# Aim of the task:
Copy every record that appears below, exactly as it stands.

--- Dataset excerpts Enclosed Below ---

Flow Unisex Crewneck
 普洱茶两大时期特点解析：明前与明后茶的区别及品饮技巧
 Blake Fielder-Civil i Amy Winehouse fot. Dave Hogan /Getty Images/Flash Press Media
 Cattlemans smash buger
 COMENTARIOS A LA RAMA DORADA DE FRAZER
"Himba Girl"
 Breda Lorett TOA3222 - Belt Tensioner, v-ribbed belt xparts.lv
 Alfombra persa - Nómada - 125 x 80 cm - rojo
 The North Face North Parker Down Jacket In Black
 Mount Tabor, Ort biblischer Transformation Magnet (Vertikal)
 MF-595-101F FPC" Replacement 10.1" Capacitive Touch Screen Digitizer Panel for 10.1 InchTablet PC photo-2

--- End of Enclosed Dataset excerpts ---

# Task result:
Flow Unisex Crewneck
 普洱茶两大时期特点解析：明前与明后茶的区别及品饮技巧
 Blake Fielder-Civil i Amy Winehouse fot. Dave Hogan /Getty Images/Flash Press Media
 Cattlemans smash buger
 COMENTARIOS A LA RAMA DORADA DE FRAZER
"Himba Girl"
 Breda Lorett TOA3222 - Belt Tensioner, v-ribbed belt xparts.lv
 Alfombra persa - Nómada - 125 x 80 cm - rojo
 The North Face North Parker Down Jacket In Black
 Mount Tabor, Ort biblischer Transformation Magnet (Vertikal)
 MF-595-101F FPC" Replacement 10.1" Capacitive Touch Screen Digitizer Panel for 10.1 InchTablet PC photo-2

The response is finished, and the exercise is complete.